Conventional Financing (Bank Mortgages)
Like market-rate developers, nonprofits use conventional financing from banks. The loan, or mortgage, from a private bank must be repaid with interest, often at the market rate. Bank mortgages help defray the cost of developing the units, but because the loans must be repaid with interest and because the goal is to provide low rents, conventional mortgages typically cover only a relatively small portion o development costs. Obviously, tenant rents could be reduced if there were no mortgage payment; however the lack of other sources of housing subsidy means that developers have to leverage as much private financing as possible. Once the developer has a mortgage, all the other financing must be "free" or the rents cannot be make affordable. In other words, they can't rely on tenants' rent for repayment. Today typical sources for filling the remaining "funding gap" are low-income tax credit equity, deferred payment loans, public and private grants, fee waivers or reductions.
Sponsors can compete to obtain allocations of federal and state low-income tax credits. Using tax credits, sponsors can partner with corporate investors who provide equity to the development in exchange for the tax benefits generated by the housing. Although using tax credit financing is extremely complicated and adds administrative costs, it fills a substantial portion of the funding gap with no impact on the tenants' rents. With the reductions in financing from HUD, tax credits are very valuable. Tax credit equity typically covers 40% -50% of project costs.
Public Agency Deferred Payment Loans
Local public agencies have a number of resources for providing funding for affordable housing development. Limited resources are funneled from HUD to states, cities and counties through Community Development Block grants (CDBG), the HOME Investment Partnership Program (HOME), and the Housing Opportunities for People With AIDS (HOPWA) program. Very limited funding is available directly from the state. In addition, redevelopment agencies in California are required to reserve for affordable housing 20% of the increased property taxes generated in redevelopment areas. Public agencies typically award these funds to sponsors whose projects meet local needs. The awards are typically made as loans to the developer, with all payments of principal and interest deferred, as long as the development continues to provide decent well-managed housing with affordable rents.

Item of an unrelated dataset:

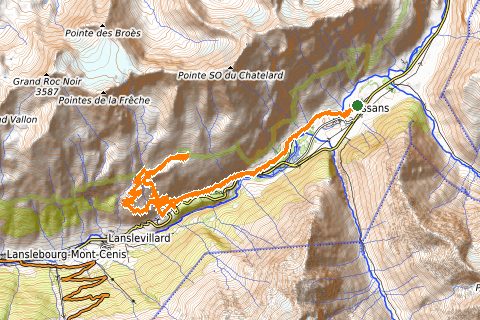 Carte de la trace VTT-Vallonbrun -Chapelle Saint Antoine-23-mai-2026 (1).gpx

In areas where development is particularly costly, such as Los Angeles and the Bay Area, combining a conventional mortgage, tax credits and public agency funds is usually still not enough to make a development feasible. Other sources that developers may have to include are the Federal Home Loan Bank's Affordable Housing Program (AHP), private foundation or corporate grants, fee waivers or reductions from local public agencies, and the State of California's Proposition 1A rebate program for local school impact fees.